When we modelled the use of lateral flow testing at CDP we discovered something surprising: there was a high chance we could test everyone every day without preventing a single transmission of COVID-19. This application of mathematical modelling and bioscience gave us powerful evidence on which to base our response, allowing us to direct our efforts where they will have maximum impact: improved ventilation and new air filtration installations in our offices, labs and workshops.
In common with all businesses, CDP has been closely watching developments in practises and technology to keep our people and community safe from COVID-19 infections, while maintaining business operations. In the UK, lateral flow tests (LFTs) have been rolled out in a variety of settings over the last few months. These tests have major benefits in that they are low cost, give a result in half an hour and require no medical expertise to administer. When the use of these LFTs became a possibility here at CDP, our COVID-19 team began drawing up plans for the roll out.
The two key questions were “who to test” and “how often to test”
As a multidisciplinary business with diverse capabilities and specialisms, our people work in a variety of locations and patterns. Most of these working patterns and risk profiles don’t match those of the early adopters of these tests, such as those in clinical and educational settings. As a result, we built a team to analyse the available data and tailor our use of the tests for maximum impact in our particular case. The team was led by myself, a simulation scientist and my colleague Richard Owen, our Senior Consultant Bioscientist. The team identified the latest bioscience data available on the parameters of COVID-19 and the LFTs, then developed a bespoke Monte Carlo model – used to predict the probability of different outcomes – to model potential infections across the business. We used the popular Anaconda python platform for scientific computing.
What are the key inputs?
COVID-19 infection timeline
A viral infection typically progresses through several stages: a person first catches the infection, the virus multiplies until they become infectious and often continues to multiply causing symptoms before the immune system is able to fight back and eliminate the virus. LFTs can provide an ‘early warning’ when virus levels start to increase, but before symptoms start.
‘Effective R’ within CDP
We’ve changed our working environment in a variety of ways to reduce transmission potential. If this was 100% effective then LFTs wouldn’t offer any benefit, but we all understand that the measures are instead designed to reduce the risk to the lowest reasonable level. While we have no evidence for transmission on-site, we’re aware of some cases, unfortunately, brought in from the outside community and so we applied a ‘reasonable worst case’ estimate of transmission.
Background population case rate
Clearly more cases of COVID-19 circulating outside CDP would result in more infected people coming onto our site and identification of each one could potentially prevent further infection. We recognised that this value has changed rapidly so we investigated the benefit of LFTs in a variety of scenarios.

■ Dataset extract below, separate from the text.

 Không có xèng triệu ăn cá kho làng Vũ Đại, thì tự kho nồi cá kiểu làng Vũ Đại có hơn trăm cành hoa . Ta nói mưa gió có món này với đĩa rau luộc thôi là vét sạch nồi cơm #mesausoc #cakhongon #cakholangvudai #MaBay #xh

Sensitivity: if a person with COVID-19 takes a LFT, what is the chance that it will give an accurate, positive result?
This property of the LFTs on the market is very important. While they can be more than 90% sensitive for symptomatic people, those people should already have isolated and obtained a ‘gold-standard’ PCR (lab) test. When used in asymptomatic populations with well-functioning immune systems, the sensitivity can be as low as 3%. Considering the population demographic in this study compared to our own, our model took a less pessimistic view of LFT performance and erred on the side of higher sensitivity.
Specificity: if a person without COVID-19 takes a lateral flow test, what is the chance that it will give an accurate, negative result?
The LFTs on the market are thought to have a specificity of around 99.5%. While 0.5% might sound low, current estimates are that only 0.1% of the population has COVID-19; therefore the 0.5% false positives actually make up significantly more people than the number that are really infected. This is the source of some controversy as it can cause unnecessary isolation when the case rate is low, however this risk was not considered a significant problem for us at CDP as we took a ‘better safe than sorry’ approach.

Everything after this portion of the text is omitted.